The entire pitching process was a nerve-wracking experience for me. I didn’t feel adequately prepared nor confident to take on the task but we showed up, experienced the pitch and now looking back, I learnt 3 important lessons that can be applied to life in general:
1) Drill in to Absolute Clarity
When communicating with another, it’s more important to share succinctly and clearly rather than overload with information. Often, it can be tempting to add in more information, thinking that we are providing context or additional useful information. However this can overwhelm the listener, and add ‘noise’ to the message we are trying to convey. Drilling in to exactly ‘what’ we want to say and ‘why’, and articulating ‘what’ we want from the listener can help improve the way we connect with others, making it easier for them to know what is expected from them. This facilitates the building of more powerful relationships between people.
2) Leverage on Team Work
As a ‘recovering’ perfectionist, it is hard for me to trust others. Yet it’s absolutely a fact that no one can do everything alone. Through the pitch, I have learned to play to my strengths and turn to Mei Yi for her expertise/ experience when needed. In the pitch’s Q&A, she had insights on youths gleaned through her teaching experiences which I don’t. Her credibility when sharing about her insights is invaluable. Likewise, in life – we have family and friends who have experiences and wisdom that we may not have, that can be invaluable to our personal journey. I recall a friend who shared with me how she loves spending time with her grandmother because her grandma’s wise words taught her much about people skills. Who, in your life, can you co-opt into your team to help you in this journey called life?
3) Believe in Yourself
My past experience in pitches hasn’t always went well. That and memories of tanked presentations always surface in my consciousness before I do public speaking. Each time I stand before an audience, I always likened the experience to walking on water as it involves an internal choice to trust that I will do my best and things will be alright. Learning to believe in myself is probably one of the hardest yet most crucial choice in my #adulting journey. Particularly for pitches, it is easy sometimes to think that ‘others know better’ and blindly follow advice given. However, feedback from different people can be conflicting. I love this tip from Iain where he reminds us that at the end of the day, we know our business best and hence it is up to us to take on the feedback, determine what value-adds and what has to be left behind.

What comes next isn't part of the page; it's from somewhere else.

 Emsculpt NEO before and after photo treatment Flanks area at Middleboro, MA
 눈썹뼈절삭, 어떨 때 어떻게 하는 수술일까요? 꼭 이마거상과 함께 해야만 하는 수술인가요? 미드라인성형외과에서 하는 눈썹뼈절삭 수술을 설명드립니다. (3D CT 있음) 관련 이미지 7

In life, that can also be applied. From birth, we have expectations laid on us by our parents. Then there are the peers and other humans whom we interact with that have their opinion on who we should be/dress/eat etc. Everyone can commentate and you can turn to them for ideas/thoughts. Let’s not forget though, that YOU are living the life and going through the experiences. End of the day, make your choice and believe that YOU did the best for YOU.
And so with that, I wrap up this chapter of being in the Bloom’s program, thankful for both the ‘business’ and ‘life’ lessons that I have gained. As a side note, we did ask for funds to run our talks in schools and workshops to youths here in Perth. At this time of writing, we are still waiting for the grant results so I am excited to see where this leads us in the next step of our WA journey!